Rohin Shah comments on Chain of Thought Monitorability: A New and Fragile Opportunity for AI Safety

Rohin Shah 17 Jul 2025 18:33 UTC
4 points
0
Huh, not sure why my Ctrl+F didn’t find that.
In context, it’s explaining a difference between non-reasoning and reasoning models, and I do endorse the argument for that difference.
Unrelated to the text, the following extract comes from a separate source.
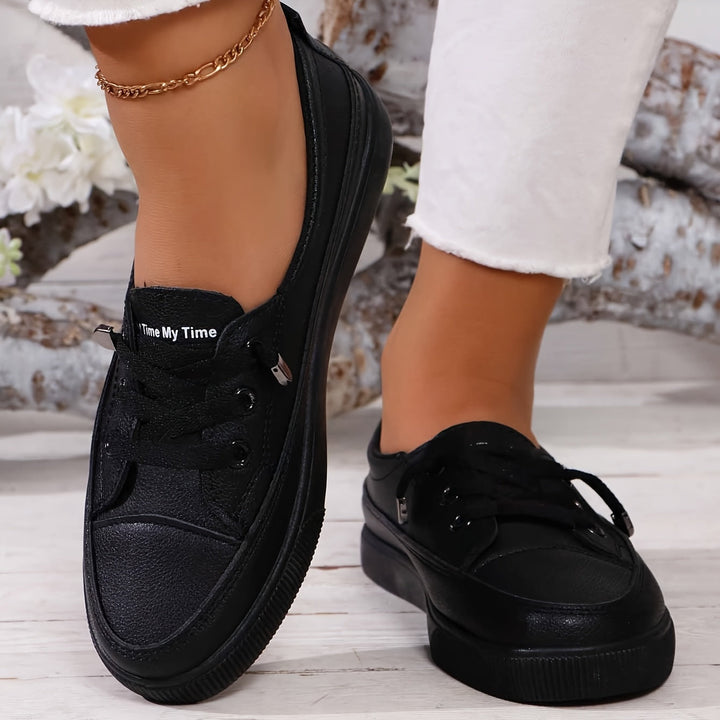 Damen Schnürung Orthopädische Flache Schuhe Echoarchiv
I do wish the phrasing was slightly different—even for non-reasoning models it seems plausible that you could trust their CoT (to be monitorable), it’s more that you should be somewhat less optimistic about it.
(Though note that at this level of nuance I’m sure there would be some disagreement amongst the authors on the exact claims here.)
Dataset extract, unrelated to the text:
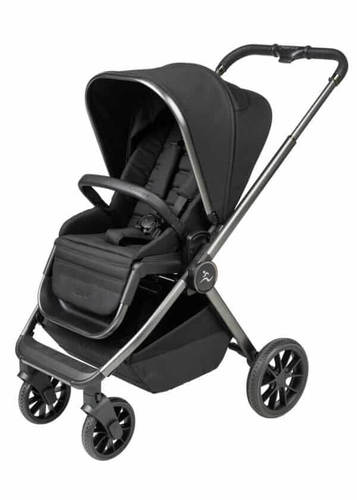 עגלת סיאלו פרו PRO 2024 Sport Line Cielo  ריפוד שחור / שלד אפור Brushed / ידית שחורה ספורטליין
- MondSemmel 17 Jul 2025 23:27 UTC
  4 points
  0
  Parent
  Offtopic: the reason Ctrl+F didn’t find the quote appears to be that when I copy it in Firefox from the pdf, the syllable division of “nonreasoning” becomes something like this:
  However, CoTs resulting from prompting a non- reasoning language model are subject to the same selection pressures to look helpful and harmless as any other model output, limiting their trustworthiness.
  But the text that can be found with Ctrl+F in the pdf paper has no syllable division:
  However, CoTs resulting from prompting a nonreasoning language model are subject to the same selection pressures to look helpful and harmless as any other model output, limiting their trustworthiness.